Assignment :: Using the data below, return word for word every line from the one holding "Rent this 4" down to the one holding "N 40th St bike lanes.". Leave pictures out.

Excerpted records ::
- - - -

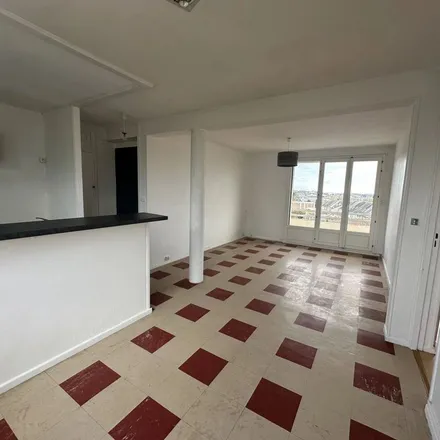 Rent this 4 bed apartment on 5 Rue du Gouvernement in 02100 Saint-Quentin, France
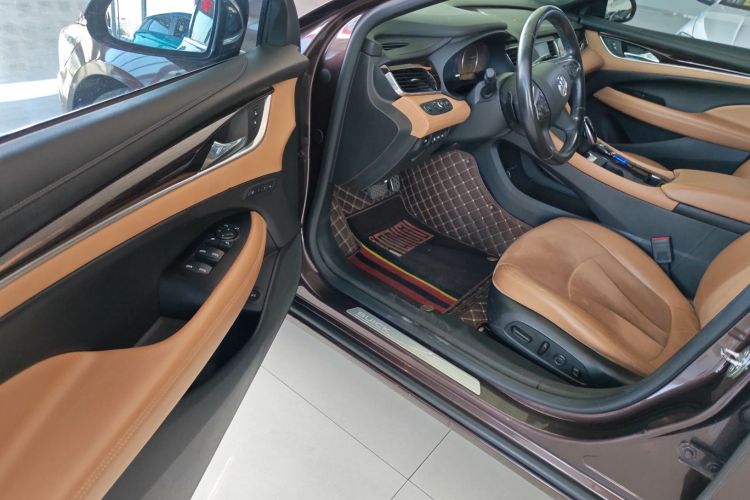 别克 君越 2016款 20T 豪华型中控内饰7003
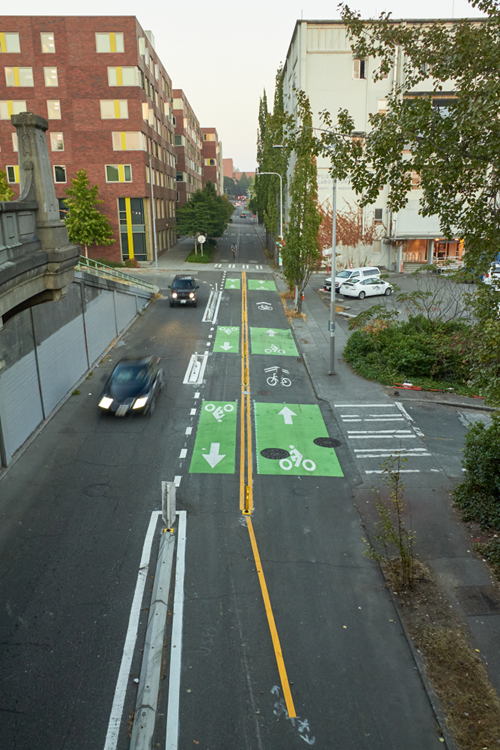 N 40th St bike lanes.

- - - -

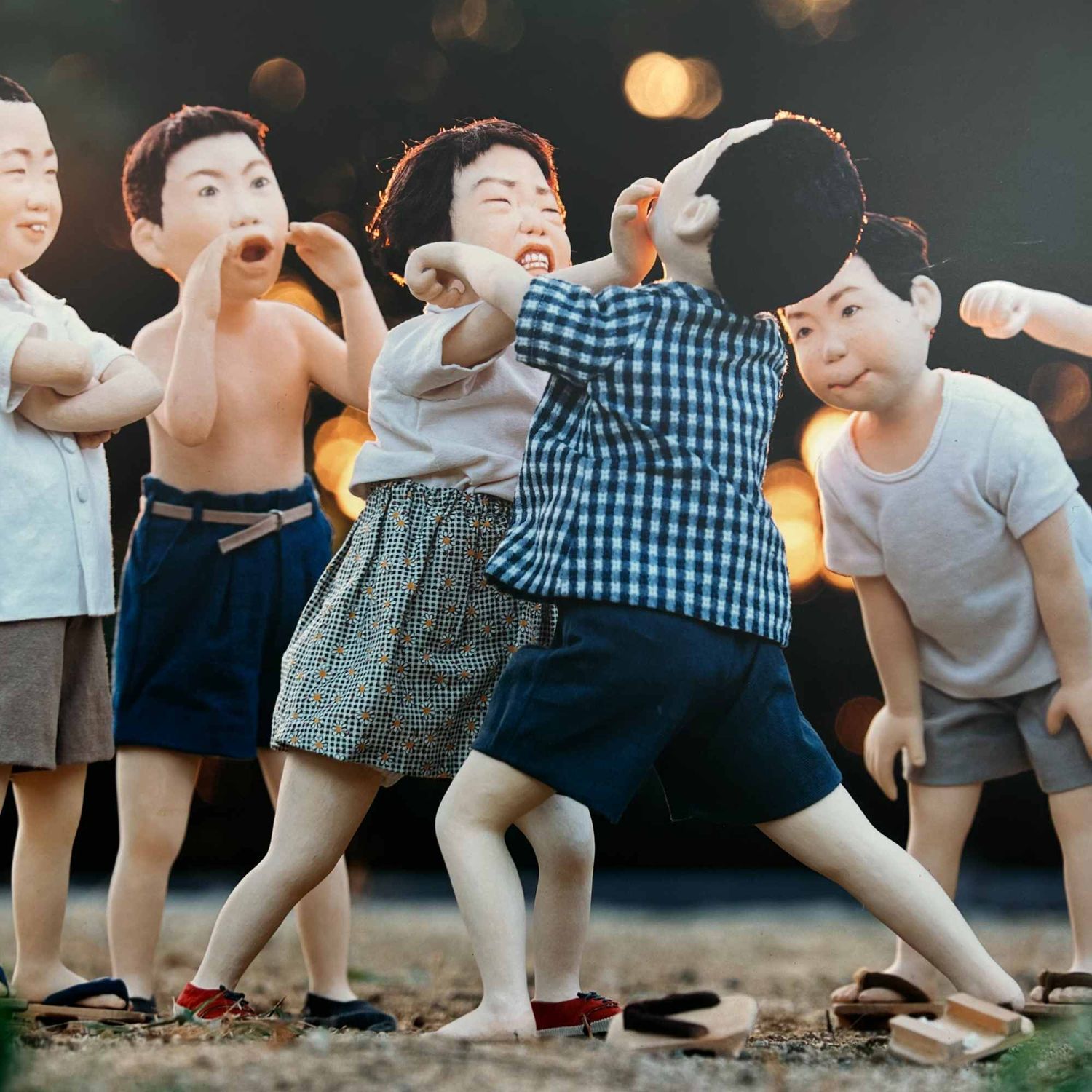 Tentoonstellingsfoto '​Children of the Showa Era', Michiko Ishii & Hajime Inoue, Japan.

- - - -

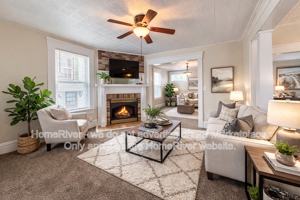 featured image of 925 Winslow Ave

- - - -

Problem solution ::
 Rent this 4 bed apartment on 5 Rue du Gouvernement in 02100 Saint-Quentin, France
 别克 君越 2016款 20T 豪华型中控内饰7003
 N 40th St bike lanes.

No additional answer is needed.